I made up a quick fuel map in Enginuity for running 100% E85.
I basically took all my target A/F values and multiplied by 0.66 (66%). The result is about 9.7:1 during cruising (14.7 gasoline) and mid 7:1 for WOT.

I have plenty big enough injectors as well.

For my first few runs I will probably back off the boost to about 15psi or so.
I can't wait as I am anticipating some pretty good results with this stuff!
I don't think that your approach is going to work very well as your long term fuel trims are going to get pegged and basically flood the car in open loop.

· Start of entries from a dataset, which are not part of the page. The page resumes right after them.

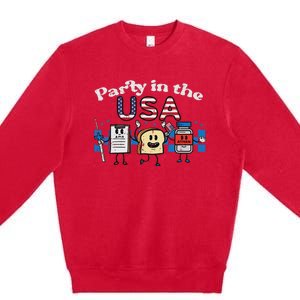 4th July Nurse Party Usa Ativan Scrub Top Patriot Women Premium Crewneck Sweatshirt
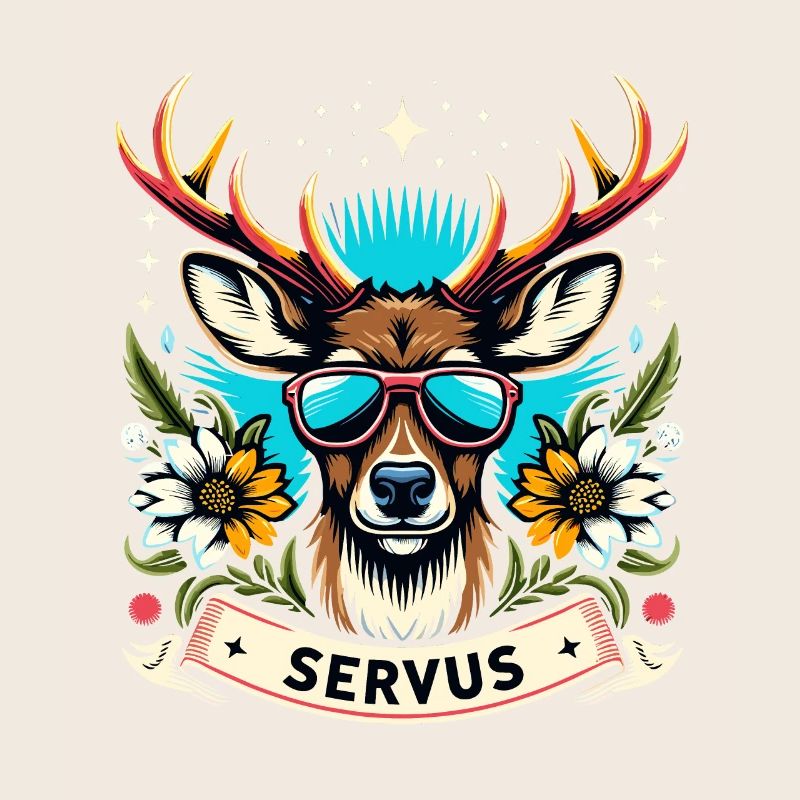 Bavaria Beer Tent Deer Servus Dialect Funny Cool
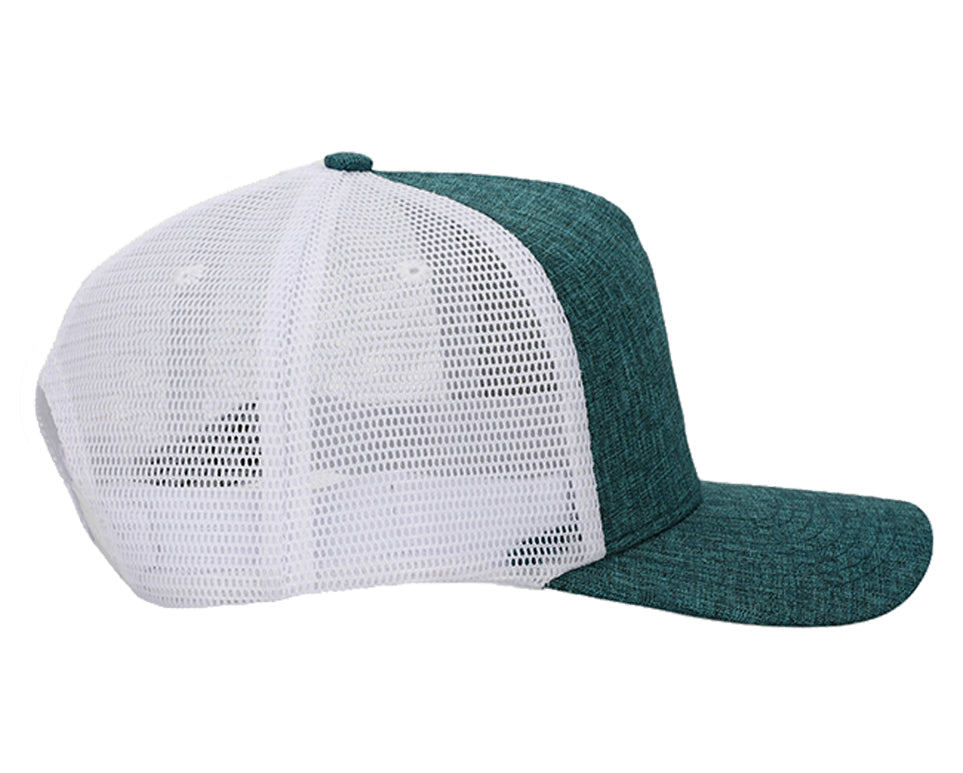 Teal Adventure Snapback hat featuring a hand-drawn mountain scene and grey mesh back for breathability.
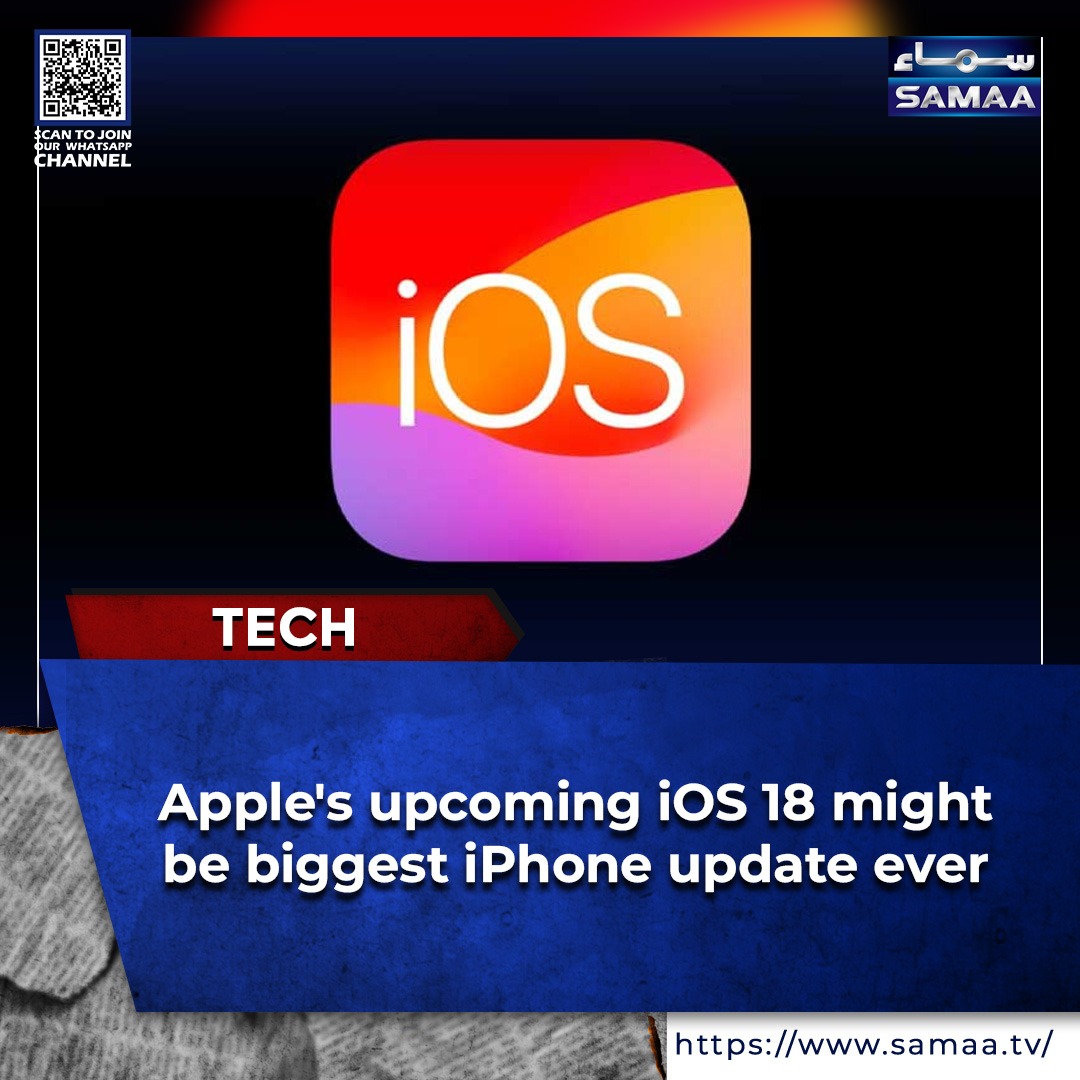 SamaaEnglish's tweet image. Read more: samaa.tv/208738860

#SamaaTech #iOS18 #iPhoneTech #AppleInnovation #RCSMessaging #GenerativeAI #TechRevolution #WWDC2024 #SmartphoneUpdate #SiriEvolution #iOSFeatures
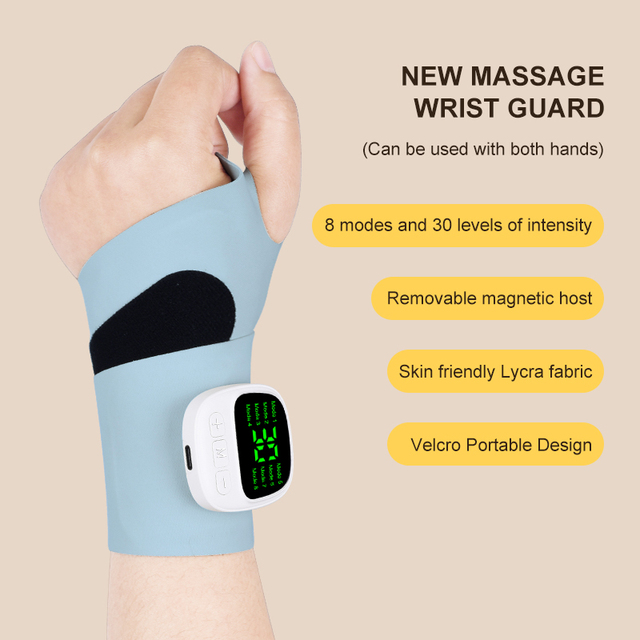 Hot Selling Hand Strap Vibrating Massager 8 Mode 30 Speed Muscle Relaxation Circulation Pain Relief Electric Wristband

The fuel maps in Enginuity are based on gasoline AFRs, but the ecu likes to think in terms of Lambda.

So here's what I'm thinking would work:

- fill up on e85 while on an empty tank
- richen up your high load targets a bit (maybe something like 10:1) since max torque rich of e85 has a bit lower Lambda than gasoline does
- divide your injector scaling by 1.25 (this is assuming that the injector will need to flow approx. 25% extra volume of fuel, I don't know what the exact amout is)
- flash your map and start up the car (pray it starts )
- let the car idle and come up to operating temp
- once operating temp is reached, reset the ecu and then shut down and restart the car
- now let the car idle for a good 10 minutes or so and watch your short- and long-term fuel trims and wait for them to stabilize

- now here's the important part:

- if the combined total of your LTFT and STFT is a positive % (say 7%), then divide your current fuel injector flow scalar by 1.07 in this example
- if the combined total is a negative % (say -7%), then divide your current fuel injector flow scalar by 0.93 in this example.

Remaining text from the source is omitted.